- **DATA IN THIS EXERCISE**

------------

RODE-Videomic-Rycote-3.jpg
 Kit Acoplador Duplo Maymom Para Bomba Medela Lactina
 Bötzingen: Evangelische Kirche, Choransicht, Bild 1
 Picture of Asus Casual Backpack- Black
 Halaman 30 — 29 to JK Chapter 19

------------

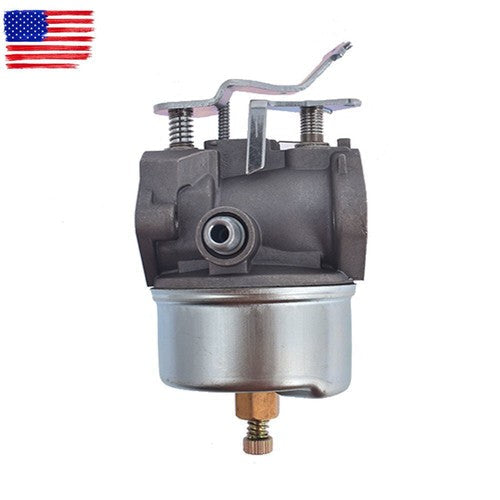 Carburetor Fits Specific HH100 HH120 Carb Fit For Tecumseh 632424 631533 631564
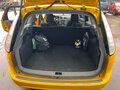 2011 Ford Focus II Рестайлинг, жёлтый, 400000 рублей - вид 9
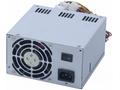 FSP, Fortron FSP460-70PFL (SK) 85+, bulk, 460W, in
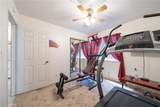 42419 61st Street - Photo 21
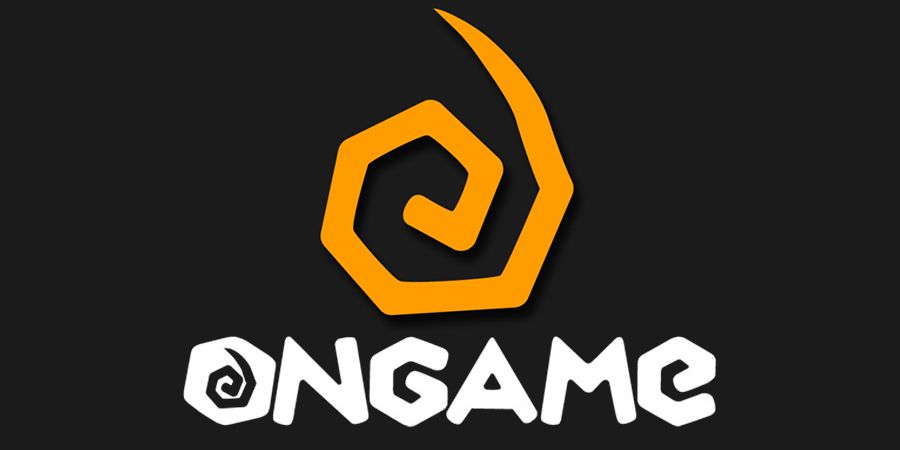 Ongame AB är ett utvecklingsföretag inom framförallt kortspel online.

------------

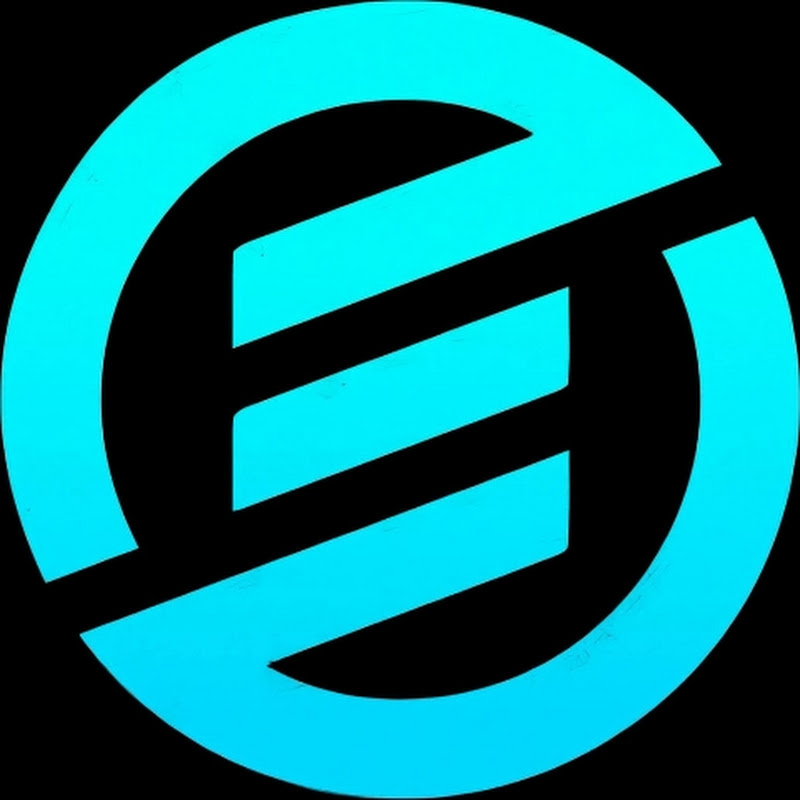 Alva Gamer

------------

- **EXERCISE DETAILS**
Your copy should hold the lines from the one with "FSP, Fortron FSP460-70PFL" up to and including the one with "Ongame AB är", exactly as in the data above, and no pictures.

- **PROBLEM SOLUTION**
 FSP, Fortron FSP460-70PFL (SK) 85+, bulk, 460W, in
 42419 61st Street - Photo 21
 Ongame AB är ett utvecklingsföretag inom framförallt kortspel online.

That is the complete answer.